Yıllar önce Doğu Konferansı grubu olarak, Ortadoğu’daki komşu ülkelerin kanaat önderleriyle görüşüyorduk. ABD’nin Irak’ı işgal etmesine karşı bölge aydınları birlikte neler yapabileceğimizi konuşuyorduk. Bu buluşmalarımız sırasında Kahire ve İskenderiye’de, Mısır’ın değişik eğilimlerdeki siyaset ve fikir insanlarıyla da görüştük. İpek'le (Çalışlar) birlikte Mısır’da ziyaret ettiğimiz kişiler arasında, ünlü kadın hakları savunucusu ve feminist Dr. Neval El Saddavi de vardı. Nil Nehri kıyısındaki evlerinde görüştüğümüz Neval El Saddavi ve üçüncü eşi Şerif Heteta, Şeriat Mahkemesi’nin verdiği boşanma kararına birlikte direniyorlardı.

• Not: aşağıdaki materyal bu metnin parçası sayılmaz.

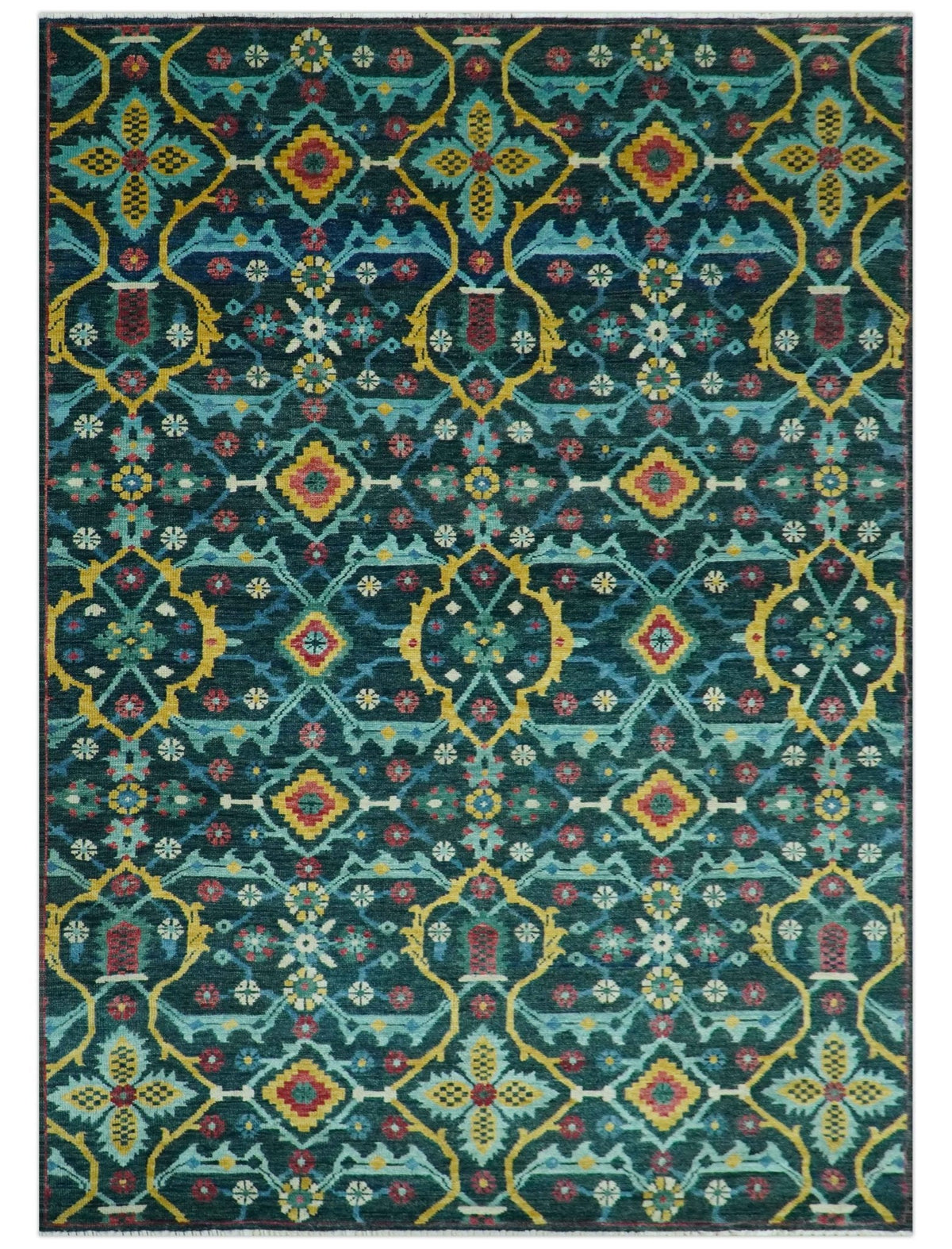Custom Made Teal And Mustard Traditional Floral Motifs Hand Knotted Wool Rug.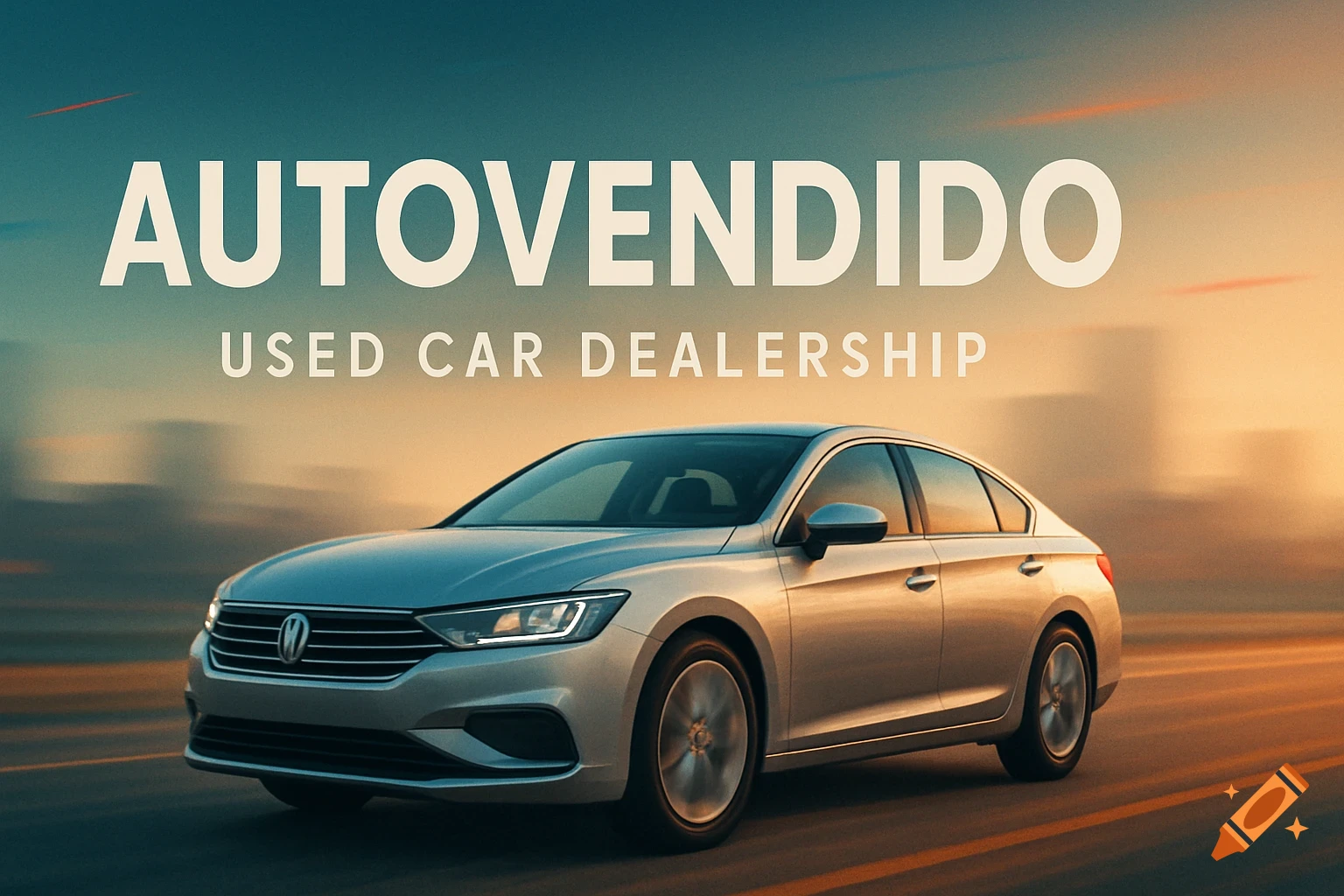 Photorealistic image of a silver car on a road at sunset, with 'AUTOVENDIDO USED CAR DEALERSHIP' text above.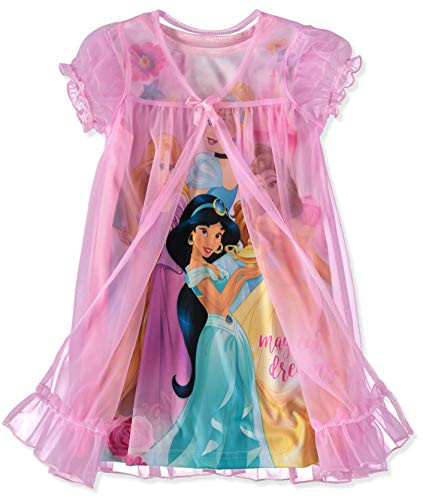 Disney Girls Toddler Fantasy Nightgown Multi Princess - Pretty Pink 4T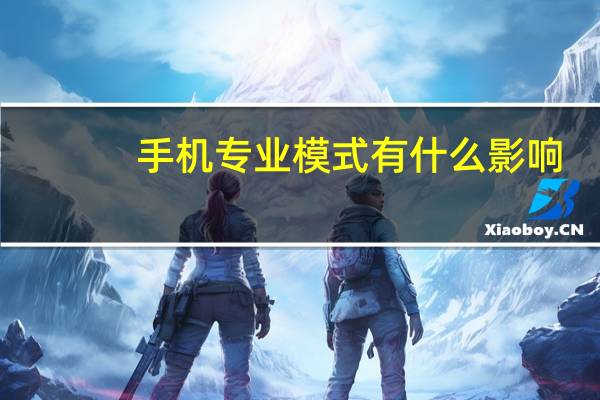 手机专业模式有什么影响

Mısır Şeriat Mahkemesi, Neval El Saddavi’nin bir konuşması nedeniyle onun dinden çıktığına hükmetmişti. Bu karar nedeniyle, eşi Şerif’in onu boşaması gerekiyordu. Şeriat Mahkemesi'nin yorumuna göre, bir Müslüman, dinden çıkmış bir kadın ya da erkekle yaşayamazdı. Bir süre önce benzer şekilde mahkum edilen Mısırlı Gazali Ailesi yurtdışına kaçmıştı. 13 yılını hapiste geçiren Saddavi’nin eşi Şerif Heteta bu kararı tanımadığını ilan ediyor ve ayrılması baskısına karşı koyuyordu.
Uluslararası birçok insan hakları ve düşünce kuruluşu onlara destek veriyordu. Mısır’ın hukuki sistemine göre Ceza Kanunu laik, Medeni Kanun şer’i idi. Ceza kanunlarının düzenlenmesinde ise İslami kurallar değil, kanun koyucunun belirlediği dünyevi kurallar yön veriyordu. Geziye katılan İslami kesimden kadın arkadaşlarımıza Saddavi’lerin öyküsünü anlattık ve sonra sorduk: “Türkiye’deki sistemi mi Mısır’daki sistemi mi tercih edersiniz?” Hiç tereddüt göstermediler, “Türkiye’deki sistemi” dediler.
Türkiye’de, cumhuriyetin kuruluş yıllarında sert bir laiklik uygulandı. Laikliği savunanların bir kesimi otoriter ve Jakoben yöntemleri tercih ettiler. Laikliği demokrasiyle birlikte düşünmek gerektiğini, bunun dışındaki yolların inananları rencide ettiğini ve toplumsal uzlaşmayı yok ettiğini, yaşayarak gördük. Yaşanan uzun tecrübeler, toplum mühendisliği yöntemlerinin işe yaramadığını gösterdi.
Bazı radikal İslamcı çevreler, tepki içinde “Laiklik, şeriattan beter” dediler. 'Şeriat' diye tanımlanan anlayışın dünyevi gündelik hayatla olan zıtlığını göz ardı ettiler. Laiklik, eğer doğru uygulanırsa, dindarla modernistin, muhafazakarla çağdaşın birlikte yaşayabileceği bir uzlaşma sistemidir. Kimse kimseye inanç ve hayat tarzı dayatamaz.
Devlet inançlar arası ilişkide tarafsız davranır ve inanç özgürlüğünü sağlamakla yükümlüdür. İnananla inanmayan yasalar önünde eşittir. Mısır’daki şeriat mahkemelerinin uygulamaları, önemli bir tecrübe olarak incelenebilir.